We see that the most number of charges were for the investigation called “watergate”. First, group_by id, after we count how many repetitions we have for each id and arrange the results in desc order.
investigation %>%
group_by(id) %>%
summarize(investigation_total=n()) %>%
arrange(desc(investigation_total))
## # A tibble: 24 x 2
## id investigation_total
## <chr> <int>
## 1 watergate 72
## 2 russia 34
## 3 whitewater 20
## 4 pierce 18
## 5 iran-contra 14
## 6 espy 13
## 7 cisneros 6
## 8 bruce-babbitt 1
## 9 bush-clinton-passport 1
## 10 deaver 1
## # ... with 14 more rows
ggplot2() is a plotting package that provides helpful commands to create complex plots from data in a data frame. The graphics are built layer by layer by adding new elements. Adding layers in this fashion allows for extensive flexibility and customization of plots.
We will plot the graph to find out which president had the most number of investigations during the term. It was Richard Nixon.
The arguments of ggplot() are the data frame/tibble, mapping (default list of aesthetic mappings to use for plot). We have added the type of the plot - bar using geom_bar() with the blue color (also we can use geom_point(), geom_boxplot(), geom_line(), geom_col(). etc), theme_light() made our plot with the white background instead of grey, theme() is used to define text and the position of text on the graph, labs() will define labels and title of the plot.
Another tidyverse library is forcats, the library provides a suite of tools that solve common problems with factors, including changing the order of levels or the values. The function fct_infreq(): Reordering a factor by the frequency of values.

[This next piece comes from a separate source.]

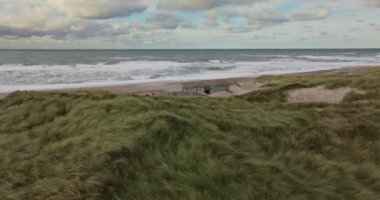 Vesterhavet 'in kıyı şeridine tepeden bakan yeşil çimlerle kaplı kum tepeleri. Köpüklü dalgalar nemli kumlara dökülüyor.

ggplot(investigation, aes(x=fct_infreq(president))) +
geom_bar(fill='blue') +
theme_light() +
theme(plot.title = element_text(hjust = 0.5), axis.text.x = element_text(size = 10, angle = 90))+
labs(x = 'President', y = "# of investigations", title = "# of investigations for each president")
Using geom_point(), we can build the plot to find out which investigation was the longest. It was cisneros, more than 3,000 days.
ggplot(investigation, aes(x=id, y=`investigation-days`)) +
geom_point (color="red") +
theme_light() +
theme(plot.title = element_text(hjust = 0.5), axis.text.x = element_text(angle = 90))+
labs(x = 'Investigation name', y = "# of days", title = "Length, in days, of the investigation")
Tidyverse package is an irreplaceable tool to transform messy data sets into the convenient for analysis format. In this “vignette” we demonstrated how to use dplyr, ggplot2, stringr, forcats libraries of the tidyVerse package. There are more to discover within each of the libraries mentioned above as well as tidyverse package contains a lot of other libraries that were not mentioned in the current “vignette” such as tidyr, tibble, purrr.